Paul prescod@prescod.net
Fri, 22 Sep 2000 14:50:16 -0500 (CDT)


On Fri, 22 Sep 2000, Fred L. Drake, Jr. wrote:

> 
>   I have a couple of questions about pyexpat.
> 
>   First question:
>   At various points, Guido has commented on the strange name "pyexpat"
> -- he generally doesn't like names with a "py" stuck on the front
> simply because something is written in Python.
>   Does anyone have an objection to renaming pyexpat _expat, and using
> a Python wrapper called xml.parsers.expat?  The wrapper would only
> need to import the existing interface, not wrap it with Python
> classes, which would only slow things down.
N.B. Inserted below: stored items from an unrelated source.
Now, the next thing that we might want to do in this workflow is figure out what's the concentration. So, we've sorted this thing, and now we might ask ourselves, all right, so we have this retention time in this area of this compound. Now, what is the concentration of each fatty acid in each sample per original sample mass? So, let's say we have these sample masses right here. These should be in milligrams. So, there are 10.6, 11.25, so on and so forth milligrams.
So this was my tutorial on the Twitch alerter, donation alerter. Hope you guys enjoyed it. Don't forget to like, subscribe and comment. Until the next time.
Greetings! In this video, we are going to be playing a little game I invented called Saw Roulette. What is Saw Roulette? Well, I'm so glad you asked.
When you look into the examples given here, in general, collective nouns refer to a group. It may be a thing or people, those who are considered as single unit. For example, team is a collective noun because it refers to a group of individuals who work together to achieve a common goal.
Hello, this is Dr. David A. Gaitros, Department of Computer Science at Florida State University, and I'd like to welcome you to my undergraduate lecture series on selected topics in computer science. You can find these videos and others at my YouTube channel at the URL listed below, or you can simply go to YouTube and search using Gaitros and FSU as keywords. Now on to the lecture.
If the DLL name is hidden from the user then why not use pyexpat? It has
the virtue that in flat-namespace library environments like Windows,
nobody else is going to make a library with the same name. Whereas _expat
would be perfectly reasonable for a TCL or Perl DLL that also embeds
expat.

>   Second question:
>   I'd also like to understand why the error constants are in a
> sub-module, pyexpat.errors, instead of being in pyexpat itself.
> pyexpat.errors is a strange little module in that you can't import it
> until after you've done an "import pyexpat" -- it probably won't bite
> anyone, but this doesn't really follow the least-surprise principle.
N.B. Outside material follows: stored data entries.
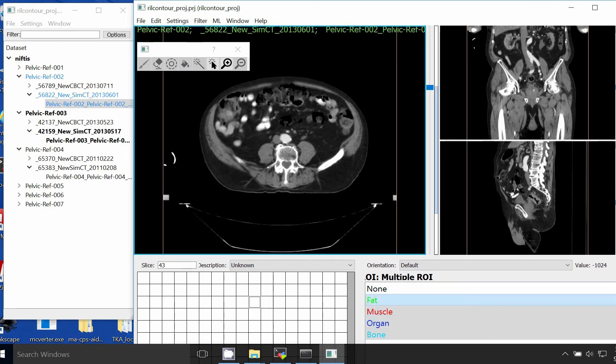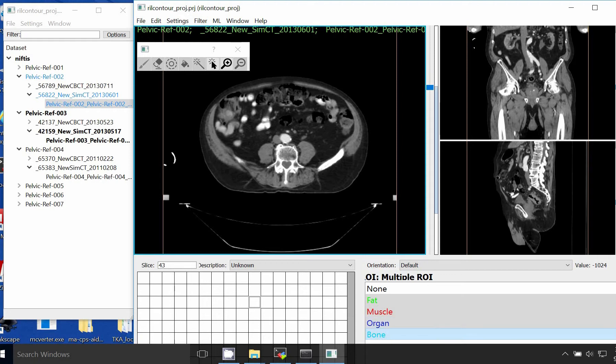We've defined four ROIs for this project: fat, muscle, organ, and bone.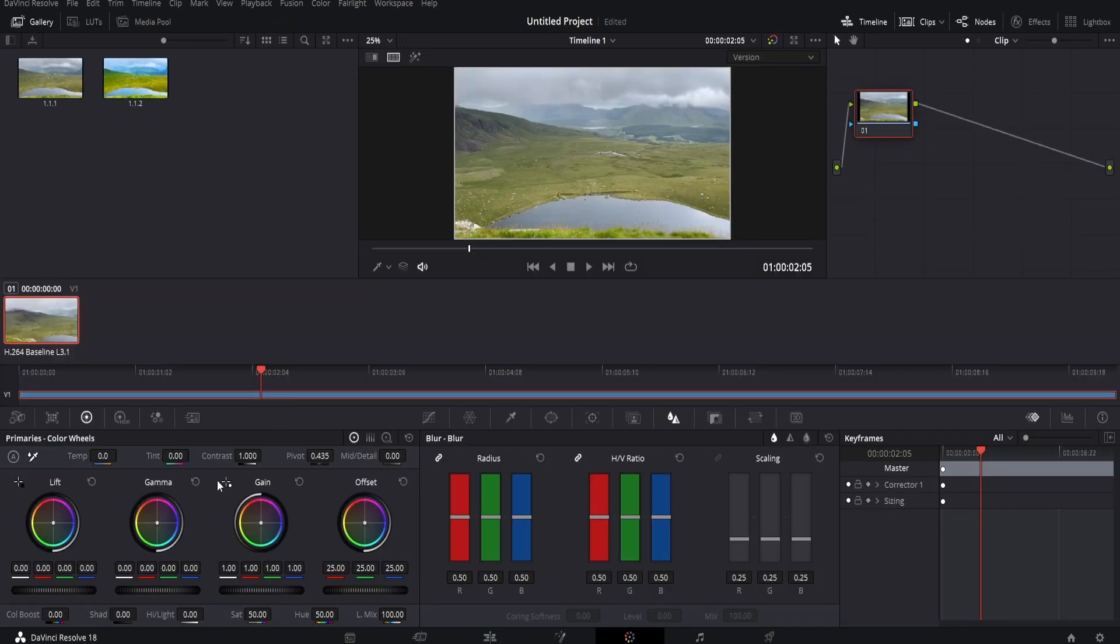Now everything over here is how we're going to adjust the color grading of the video. I would highly recommend playing around with this, but for this example we can see that the footage is quite gray and mellow in color, so I'd like it to pop a bit more.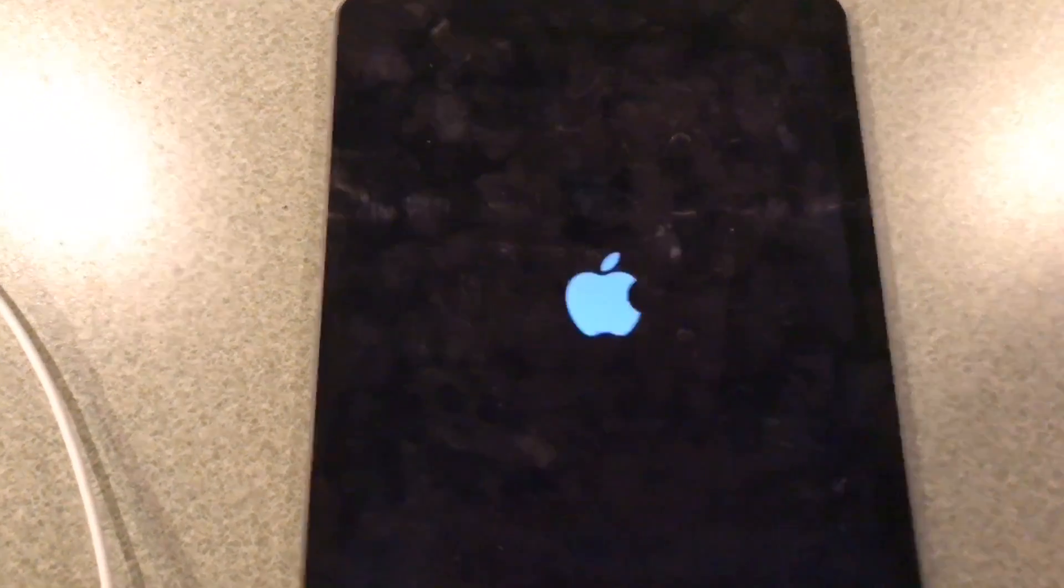We'll let it come back up because then we have to go back into settings, general, and then do the software update check and it'll show there. So we'll do that part and then we'll take a little break.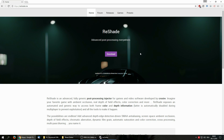Hello everybody and welcome to this short tutorial on ReShade, which is a post-processing injector you can use with pretty much any game you're playing. What it does is add effects and enhance graphics of the games you want to use it with. Among the stuff it can do is various types of anti-aliasing, including FXAA and SMAA, screen space ambient occlusion, depth of field effects, chromatic aberration, dynamic film grain, etc. There's a huge list of effects you can enable using ReShade.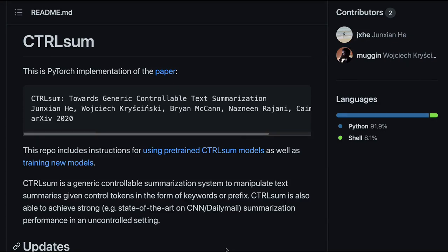Welcome to One Little Coder. This video is about a very simple summarization technique that matches with some state-of-the-art techniques. This summarization logic comes from a paper published by Salesforce called ControlSum. ControlSum is summarization with a little bit of control — typically when you do summarization, you do not have any control over it.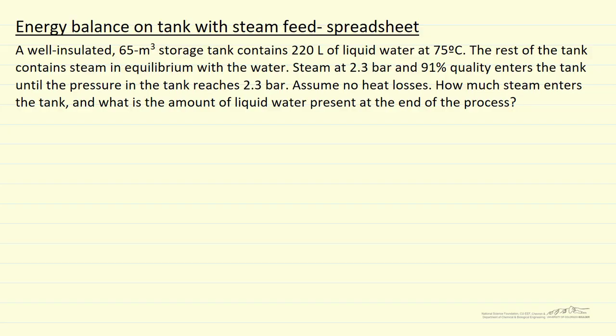This problem where we have to do an energy balance in order to determine mass flow into a tank. So we start out with a tank that has liquid water and water vapor, and then we flow in steam with quality of 91% until the pressure in the tank equalizes with the flow stream coming in at 2.3 bar. Adiabatic system, fixed volume.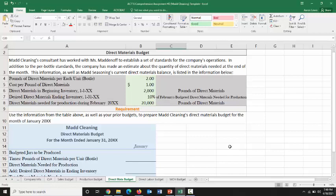MADCLEANING's consultant worked with Ms. Badenow to establish a set of standards for the company's operations. Each bottle they make is going to take 2 pounds of direct materials, and they're going to pay $1 per pound. They have 2,000 pounds of direct materials in inventory when the period began. At the end of the period, they want ending inventory equal to 10% of February's budgeted direct materials needed for production — estimated at 20,000 pounds — so they want a portion ready before this month ends.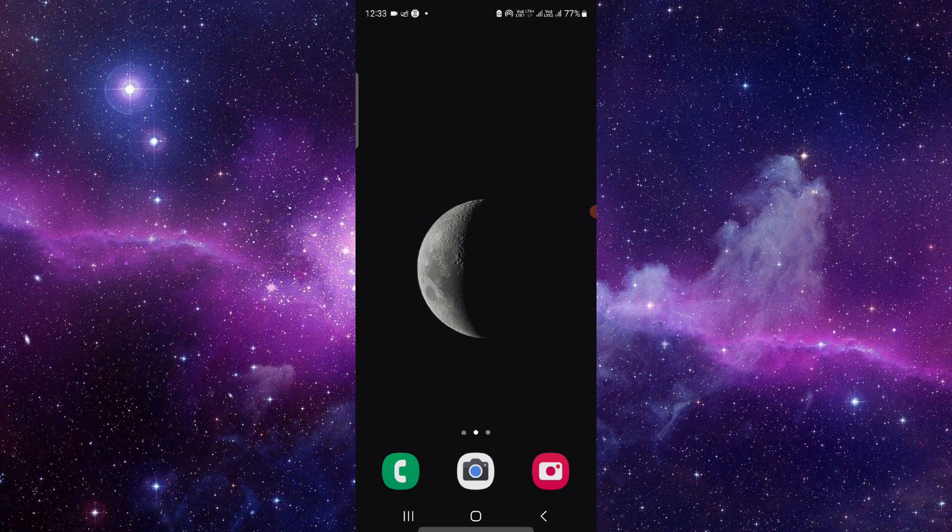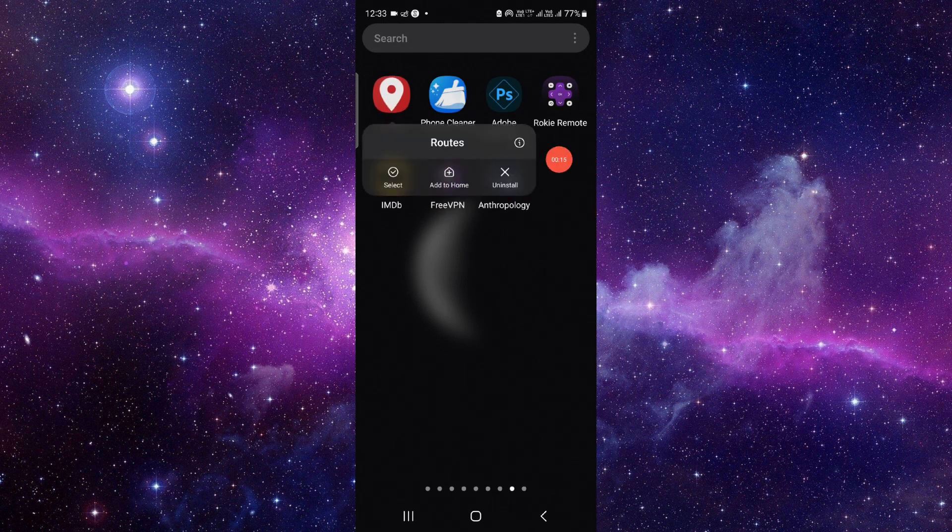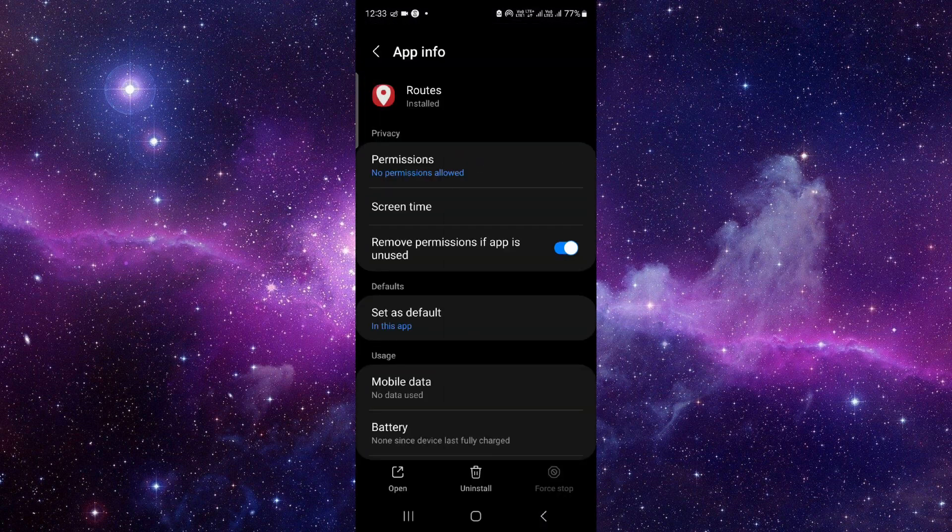Here we can see the root app. You have to just press and hold that, then click on this i button and it will open the app info.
Well, according to your proposals nobody is going to reference pyexpat (or
anything in it) directly anyhow. You can remap it however you want in your
wrapper.

I was trying to follow os.path but obviously it doesn't work exactly the
same way os.path does. The overall goal was to avoid having a confused
top-level environment. I think that dir() is one of Python's great
features and overloaded top-level environment destroy its utility.